This is an advanced tutorial. Be sure to get through Demo Train, Demo Dense and read Section 2.6 of the PhD Thesis Multi-Layer Conditional Random Fields for Revealing Unobserved Entities before proceeding with this tutorial.

In many practical applications, CRFs have lack of expressivity and a groundtruth label map may not be the solution of the CRF model. In order to handle this problem and get more control over the classiﬁcation process with CRFs, we may introduce additional control parameters training.

As a base for this tutorial we take the code from Demo Dense. The model control parameters there are the numerical arguments to the functions DirectGraphicalModels::CGraphExt::addDefaultEdgesModel(), namely the value specifying the smoothness strength and the weighting parameter. In total Demo Dense code includes 4 control parameters, which were selected empirically. In this tutorial we will try to select these parameters automatically in such a way that they will be optimal it terms of the classification accuracy.

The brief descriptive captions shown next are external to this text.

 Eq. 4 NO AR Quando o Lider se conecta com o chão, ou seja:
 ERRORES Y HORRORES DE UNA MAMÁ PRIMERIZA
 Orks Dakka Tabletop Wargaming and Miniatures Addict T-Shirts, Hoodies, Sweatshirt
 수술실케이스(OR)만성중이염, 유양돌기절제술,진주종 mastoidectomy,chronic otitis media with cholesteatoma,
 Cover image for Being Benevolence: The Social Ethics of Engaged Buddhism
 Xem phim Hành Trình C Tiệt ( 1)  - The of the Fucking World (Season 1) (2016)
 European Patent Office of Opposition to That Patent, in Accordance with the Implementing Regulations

Init Parameters		Resulting Parameters
{ 100, 300, 3, 10 }		{ 90, 310, 29.5, 7.9 }

Class Map with accuracy 87.31 %		Class Map with accuracy 90.07 %

In contrast to the internal parameters of the potential functions, model control parameters are estimated separately, after the potentials are trained. This results in an additional second training phase. We start with gathering all the parameters into one vector vParams. We initialize the values of this vector with those values from the original Demo Dense code. The order of the parameters is important: they will be optimized in the same order as they met in the vector vParams. So, we put first two values specifying the smoothness strength of both edge models and then the corresponding weighting parameters.

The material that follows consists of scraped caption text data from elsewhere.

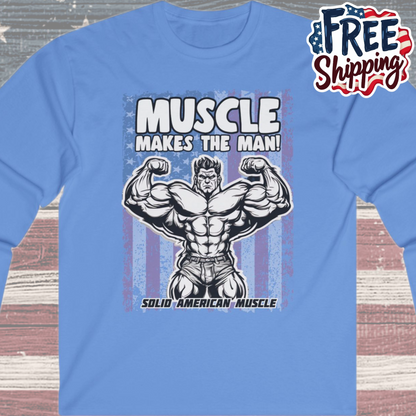 Solid American Muscle - Muscle Makes The Man - USA Flag - Long Sleeve T-Shirt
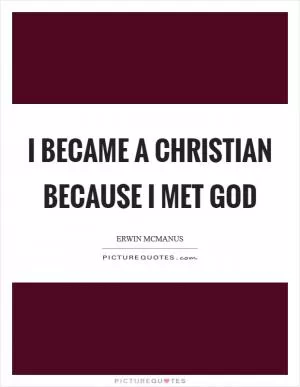 I became a Christian because I met God Picture Quote #1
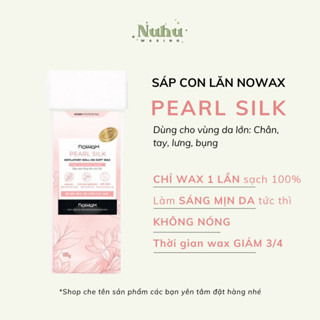 SÁP WAX LÔNG CON LĂN NOWAX Hương PEARL SILK - lựa chọn tốt nhất cho waxing chân tay lưng bụng ngực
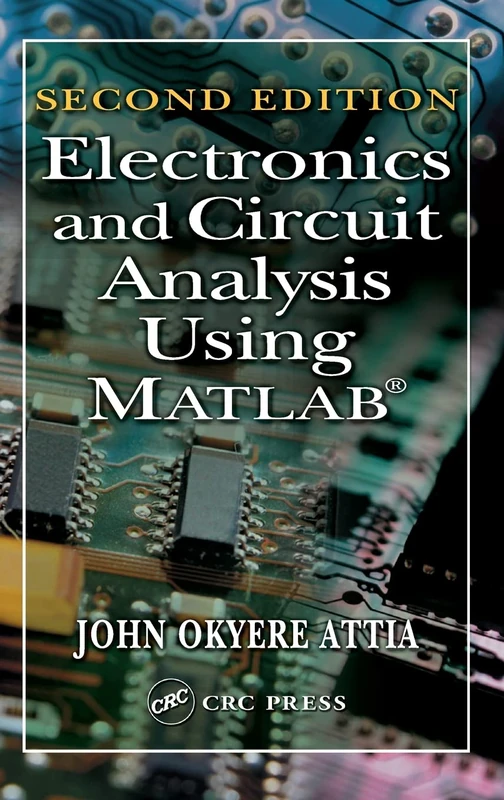 Electronics and Circuit Analysis Using MATLAB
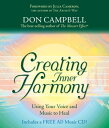 Creating Inner Harmony Using Your Voice and Music to Heal【電子書籍】 Don Campbell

const std::vector<float> vInitParams = { 100.0f, 300.0f, 3.0f, 10.0f };
const std::vector<float> vInitDeltas = { 10.0f, 10.0f, 1.0f, 1.0f };
      std::vector<float> vParams     = vInitParams;                         // Actual model parameters

Then we initialize the Powell search class. The vector vInitDeltas containes the minimal step values for the search algorithm to change the parameters. The order of these values corresponds to the order of parameters in vInitParams. Too small values in vInitDeltas may make the search more accurate, but also more slow and increase the probability of stucking in a local extremum. Too large values may lead to oscillation and poor convergence.

using namespace DirectGraphicalModels;
CPowell powell(vParams.size());
powell.setInitParams(vInitParams);
powell.setDeltas(vInitDeltas);

The parameters are optimized in the mail loop where we gather graph filling, decoding and evaluation phases with the help of DirectGraphicalModels::CPowell::getParams(). This function takes as argument one floating-point number and returns a vector, containing new parameters which should lead to increase of the argument. In this tutorial we use the overall classification accuracy as the measure to maximize. However it might be a weighted sum of per-class accuracies (i.e. sum of the diagonal elements of the confusion matrix).

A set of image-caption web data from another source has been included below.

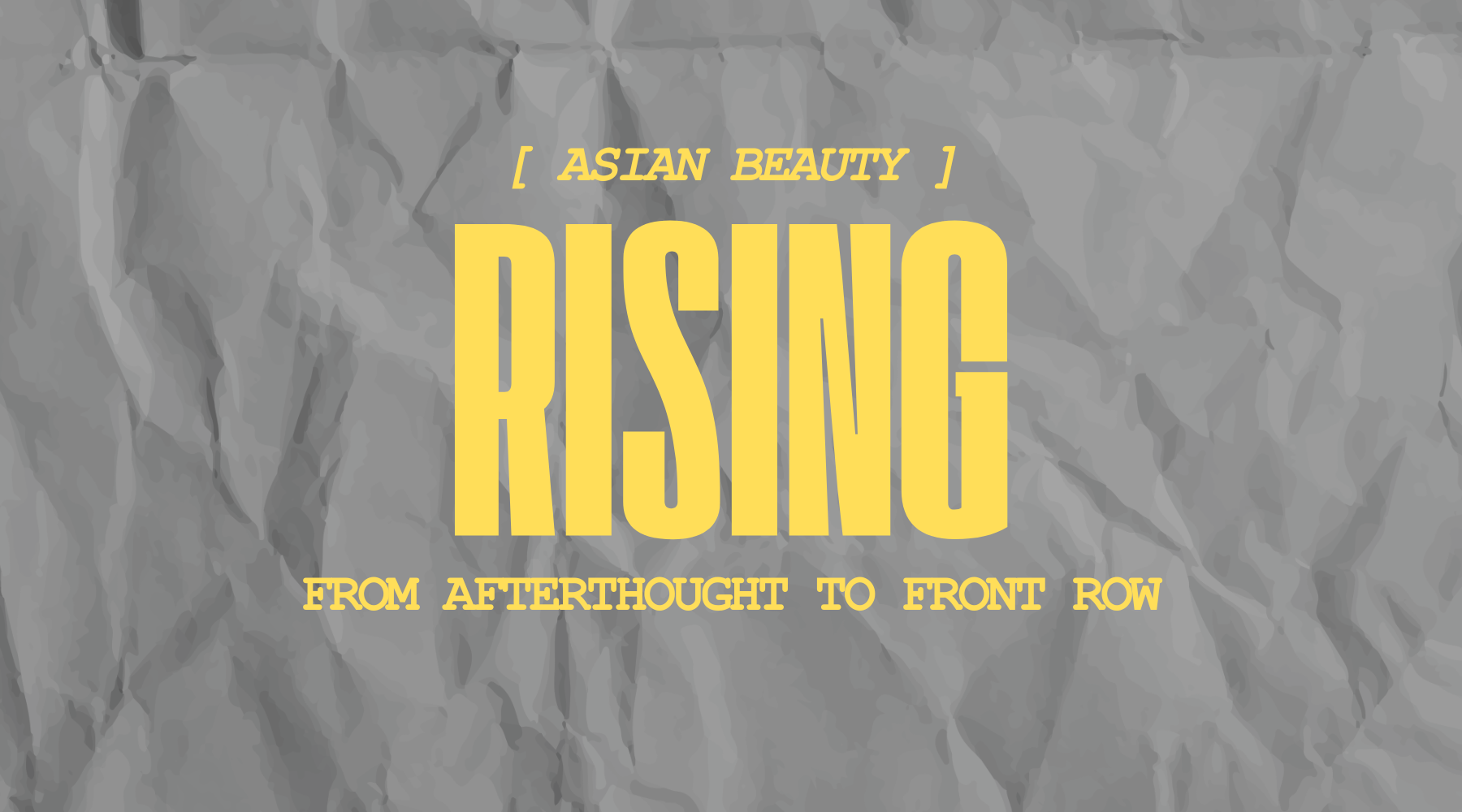 From Afterthought to Front Row: Asian Beauty Rising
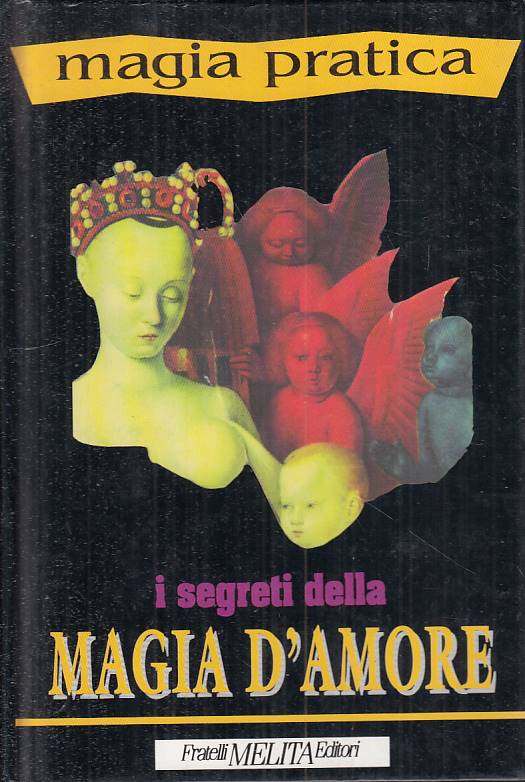 LS- I SEGRETI DELLA MAGIA D'AMORE - DUPRE' - MELITA --- 1992 - C - YFS261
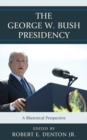 Image for The George W. Bush Presidency: A Rhetorical Perspective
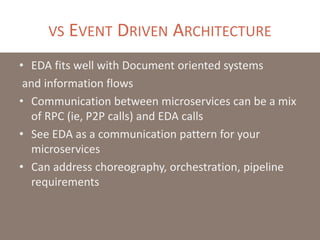VS EVENT DRIVEN ARCHITECTURE
• EDA fits well with Document oriented systems
and information flows
• Communication between microservices can be a mix
of RPC (ie, P2P calls) and EDA calls
• See EDA as a communication pattern for your
microservices
• Can address choreography, orchestration, pipeline
requirements
 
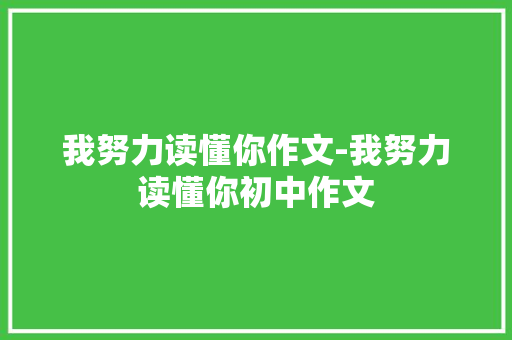 我努力读懂你作文-我努力读懂你初中作文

// ========================= Training Node Potentials=========================
nodeTrainer->addFeatureVecs(train_fv, train_gt);
nodeTrainer->train();
// Main loop of parameters optimization
for (int i = 1; ; i++) {
    // ================= Filling the Graph =====================
    Mat nodePotentials = nodeTrainer->getNodePotentials(test_fv);               // Classification: CV_32FC(nStates) <- CV_8UC(nFeatures)
    graphKit->getGraphExt().setGraph(nodePotentials);                           // Filling-in the graph nodes
    graphKit->getGraphExt().addDefaultEdgesModel(vParams[0], vParams[2]);
    graphKit->getGraphExt().addDefaultEdgesModel(test_fv, vParams[1], vParams[3]);
    // ====================== Decoding =========================
    vec_byte_t optimalDecoding = graphKit->getInfer().decode(100);
    // ====================== Evaluation =======================
    Mat solution(imgSize, CV_8UC1, optimalDecoding.data());
    confMat.estimate(test_gt, solution);
    
    printf("Iteration: %d, parameters: { ", i);
    for (const float& param : vParams) printf("%.1f ", param);
    printf("}, accuracy: %.2f%%\n", confMat.getAccuracy());
    if (powell.isConverged()) break;
    vParams = powell.getParams(confMat.getAccuracy());
    graphKit->getGraph().reset();
    confMat.reset();
}
vParams = powell.getParams(1);
printf("Resulting parameters: {");
for (const float& param : vParams) printf("%.1f ", param);
printf("}\n");

Please note, that we have to reset both the graph and the confusion matrix after each iteration in the main loop.